[原子力産業新聞] 2002年9月26日 第2154号 <4面>

[サイクル機構] 次世代モニタ技術実用化に道

核燃料サイクル開発機構は19日、プルトニウムと天然の放射性物質を迅速かつ正確に測定可能にする次世代放射線モニタリングシステムの開発を進め、同解析法を使って、プルトニウムからの放射線と天然の放射性物質からの放射線の分離に初めて成功したことを明らかにした。

原子力施設内外の放射線監視において、核燃料物質(プルトニウム、ウラン等)から発生する放射線と、天然に存在する放射性物質(ラドン等)からの放射線を迅速かつ正確に測定できる、新たな技術(時間間隔解析法)を用いたモニタリングシステムで、同機構は、今回の成果によってシステムの完成に大きく前進したとしている。

原子力施設内の放射線管理や周辺環境の放射線監視において、天然に存在するラドン等からの放射線と施設からの放射性物質による放射線を迅速に分離し、施設からの影響を正確に評価することは極めて重要。特にα線を放出するプルトニウムやウランは、β線、γ線を放出する放射性物質に比べて管理基準が厳しく、また天然の放射性物質による測定への妨害が大きいことから、これらを取り扱う再処理施設や核燃料加工施設では、天然の放射性物質の影響を除去できる正確で迅速な測定方法の開発が大きな課題になっていた。

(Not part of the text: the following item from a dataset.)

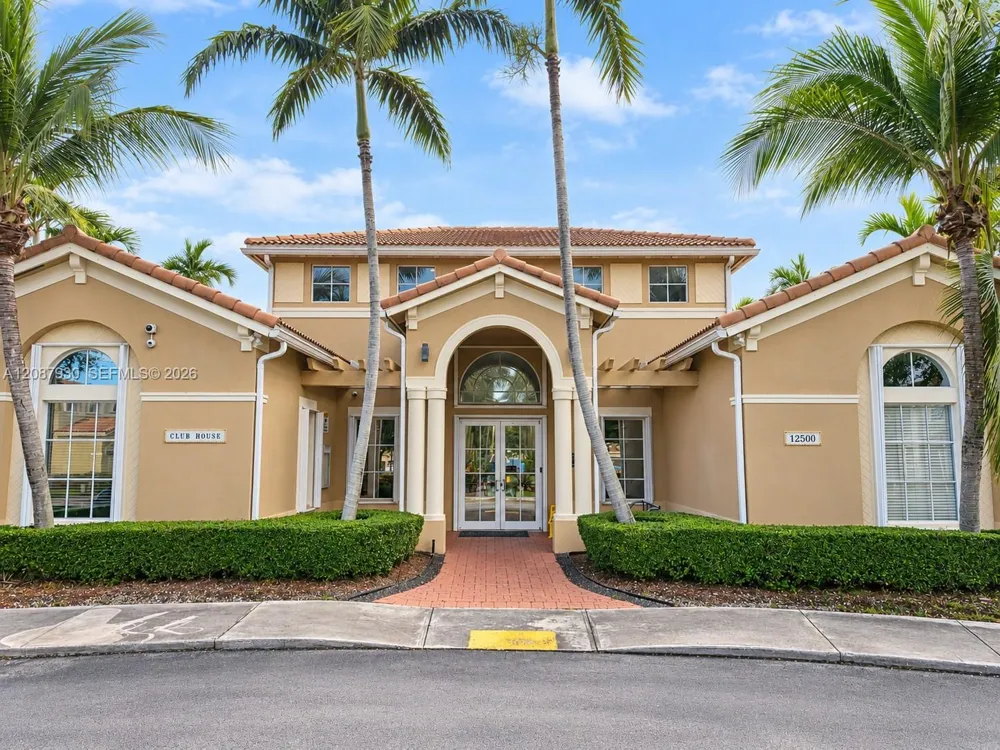 12317 SW 124th Ct Miami, FL 33186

このため、事故時などにプルトニウムやウランの量を迅速かつ正確に測定することは困難だった。臨界事故後、原子力防災体制の整備が行なわれており、緊急時にプルトニウムやウランの量を、迅速かつ正確に測定することができる技術の開発が急がれている。

今回、時間間隔解析法という技術を応用して電子回路を利用し、プルトニウムからの放射線と天然の放射性物質からの放射線の分離測定に初めて成功したもの。

同技術は、天然の放射性物質であるラドン等は、短半減期放射性物質であるため、連続した放射線の信号が一定の時間間隔内に測定器に入射する確率が高い性質を利用して、入射した放射線の信号を統計処理し、電子回路上でこれら天然の放射性物質の妨害を除去するもので、今回の成功は、これまで大きな課題となっていた、プルトニウムやウランと天然の放射性物質との迅速な分離測定技術の実証を実現したものという。

サイクル機構では、今回の方法による実用モニタリングシステムの完成に向けた研究開発を続け、今後、プルトニウムやウランを取り扱う施設における放射線管理や環境放射線モニタリング等、広範な利用も視野に入れて研究を進める方針。